In this study, low-cost raw macroalgae-based BC are evaluated for their biosorption kinetics and process thermodynamics. To remove MB, a comparative study is carried out using macroalgae-based BC and coal-based BC (control) as adsorbents. Both adsorbents are used to remove MB dye from simulated wastewater as well as RTWW. The effects of pH, initial dye concentration, contact time, adsorbent dosage, particle size, and temperature on dye removal efficiency are investigated. The equilibrium and kinetic data of the process is used to understand the biosorption of MB molecules on BCs. BCs regeneration is also investigated to assess its economic sustainability.

2 Materials and methods

2.1 Pretreatment, preparation, and characterization of macroalgae and coal-based biochars

Macroalgae culture as a feedstock of BC was collected from wastewater stream located at Bhoptian, Lahore, Pakistan. The collected macroalgae was rinsed several times with ultrapure water (Water Purification System, Adrona SIA-B30, Latvia) to remove solids and impurities, and then, it was dried at 80 ± 1 °C in an oven (Biobase, China) for 24 h. After drying, macroalgae was ground using lab scale grinder and sieved from 120 US standard mesh to obtain average particle size smaller than 125 μm. Afterwards, simple dry macroalgae (SM; −ve control) was stored in air tight falcon tubes for advance physical and chemical treatment. Similarly, coal as a feedstock of BC (−ve control) was obtained from the surrounding area of Thar, Sindh, Pakistan for the comparative study. The obtained coal was ground by using disc mill (Assuza Incorporation, Pakistan), sieved from US standard meshes to achieve different particle sizes smaller than 125, 150, and 212 μm. The ground samples were dried in an oven at 80 ± 1 °C before storing it in airtight falcon tubes at room temperature.

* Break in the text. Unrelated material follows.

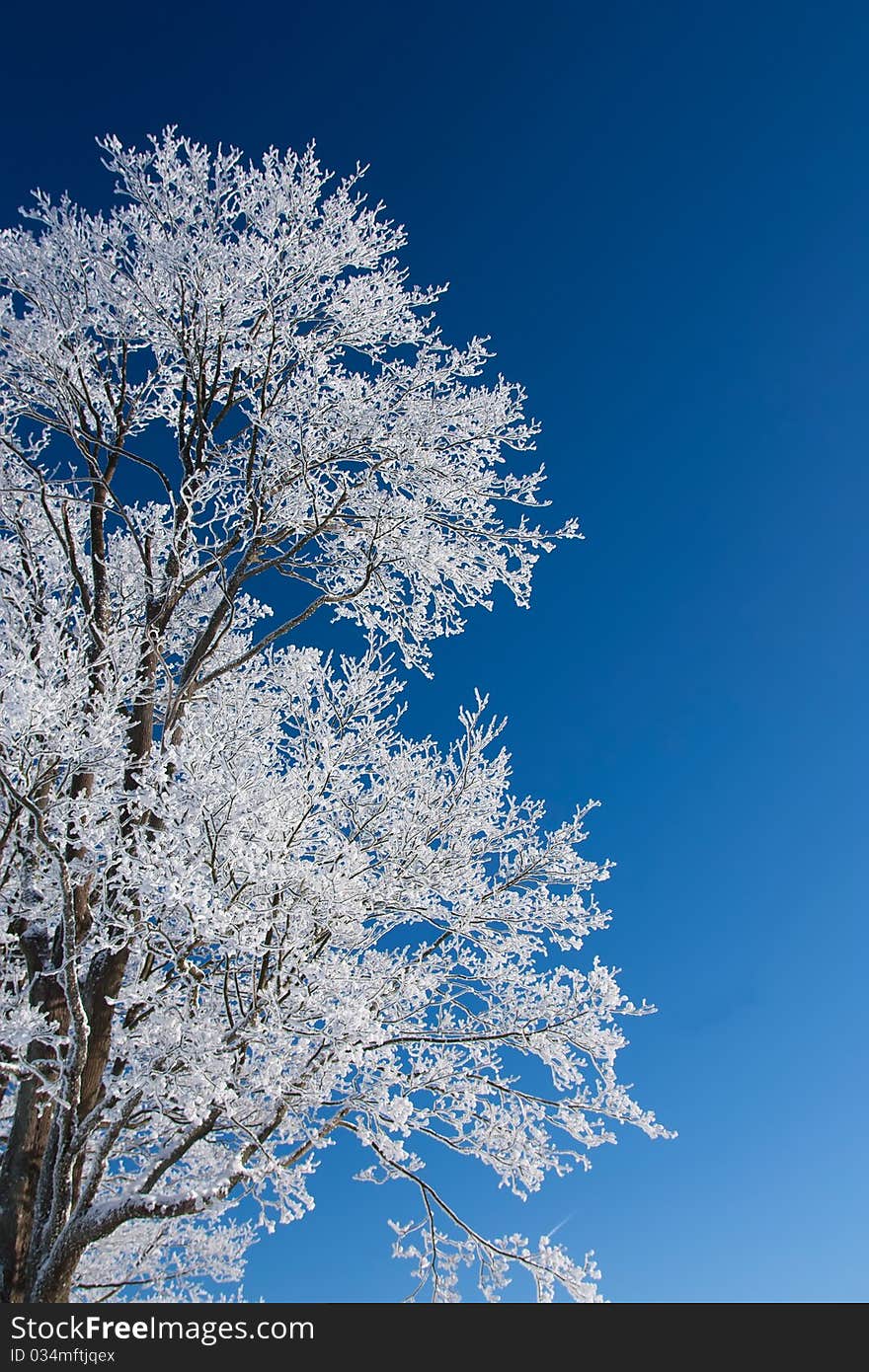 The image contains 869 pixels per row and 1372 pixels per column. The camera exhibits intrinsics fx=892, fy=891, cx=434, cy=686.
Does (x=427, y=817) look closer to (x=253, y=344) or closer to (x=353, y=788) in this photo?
(x=353, y=788)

BCs were prepared from feedstock’s such as macroalgae and coal through pyrolysis [29]. In brief, 50.0 g of feedstock was placed in crucible and pyrolized at different temperatures of 450, 550, and 650 °C for 2 h in a Muffle furnace (2.5 kW, Microtech digital, Sentron Asia International, Pakistan). The average yield of final product, i.e., BC obtained was found in the range of 68 ± 2 to 74 ± 2% at different pyrolysis temperatures (Table 1). N₂ gas was purged at the rate of 2500 mL min⁻¹ to remove the pyrolytic vapors [23] and heating rate was maintained at 20 °C min⁻¹ during pyrolysis [30]. BCs were allowed to cool down at ambient temperature, then stored in airtight tubes for further use in experiments. Based on pyrolysis temperature, macroalgae and coal-based biochars (+ve control) were designated as MBC450, MBC550, MBC650, CBC450, CBC550 and CBC650, respectively. Figure 1 presents the graphical mapping for preparation of macroalgae and coal-based biochars. On the basis of stated process and parameters, biochar preparation cost is calculated to be approximately 0.018$/gram with the yield of 68% at 650 °C as compared to commercially available activated carbon 0.11$/gram (Sigma Aldrich) with same particle size.

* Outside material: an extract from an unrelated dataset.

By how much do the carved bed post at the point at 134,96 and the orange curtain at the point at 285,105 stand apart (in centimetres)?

Table 1 Ultimate and proximate analysis of macroalgae and coal-based biochars

Fig. 1

Graphical mapping for preparation of macroalgae and coal-based biochars from natural resources

BCs were characterized according to the procedures described in literature [23]. The specific surface area and pore size were measured with the surface area and pore size analyzer at 77 K by N₂ adsorption/desorption isotherms, and interpreted using Brunauer-Emmett-Teller (BET) method. Scanning electron micrographs were scanned using scanning electron microscope (SEM, TESCAN Vega LMU) at 15 kV voltage to obtain visual information about the surface morphology of pre and post-biochars. The crystallographic pattern of pre and post BCs was carried out by X-ray diffraction (XRD, Panalytical X’pert pro). Fourier-transform infrared (FTIR) spectroscopy was performed to identify the functional group sites on BCs by FTIR spectrometer (Thermo-Nicolet 6700) using the KBr disk technique [31]. Some other characteristics of raw macroalgae and coal feedstocks and their biochar were measured according to the reported literature [32] such as ultimate analysis (wt.%), proximate analysis (wt.%), and biochar yield (%), as listed in Table 1.

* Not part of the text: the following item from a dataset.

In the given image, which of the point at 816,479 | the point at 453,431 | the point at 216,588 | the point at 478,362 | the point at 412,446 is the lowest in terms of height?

2.2 Kinetics and biosorption evaluation of macroalgae and coal-based biochars

Biosorption studies of MB were carried out to examine the effects of pH, initial dye concentration, contact time, biosorbent dosage, and at different temperature with macroalgae, and coal-based biochars, extracted from natural resources. MB (99.9%, Sigma Aldrich, India) was used as one of the dye pollutants without any further purification. A stock solution of MB simulated wastewater (1000 mg L⁻¹) was prepared by dissolving 1000 mg MB in 1.0 L of ultrapure water. The desired concentrations were diluted according to the stock solution concentration by adding ultrapure water. The concentration was determined at λmax = 664 nm [33] using UV Spectrophotometer (Biobase, BK-UV1900 PC China). The experimental parameters were varied to examine biosorption isotherms and kinetics [34], such as pH (2–10), contact time (1–240 min), BCs dosage (0.2–1 g), initial dye concentration of MB (10–1000 mg L⁻¹), BCs particle size (120–212 μm), and temperature (30–50 °C). The pH of solution was adjusted to desired level using 0.1 M solutions of NaOH and HCl. The pH of dye solution was measured using pH meter (Adwa, AD111, Romania).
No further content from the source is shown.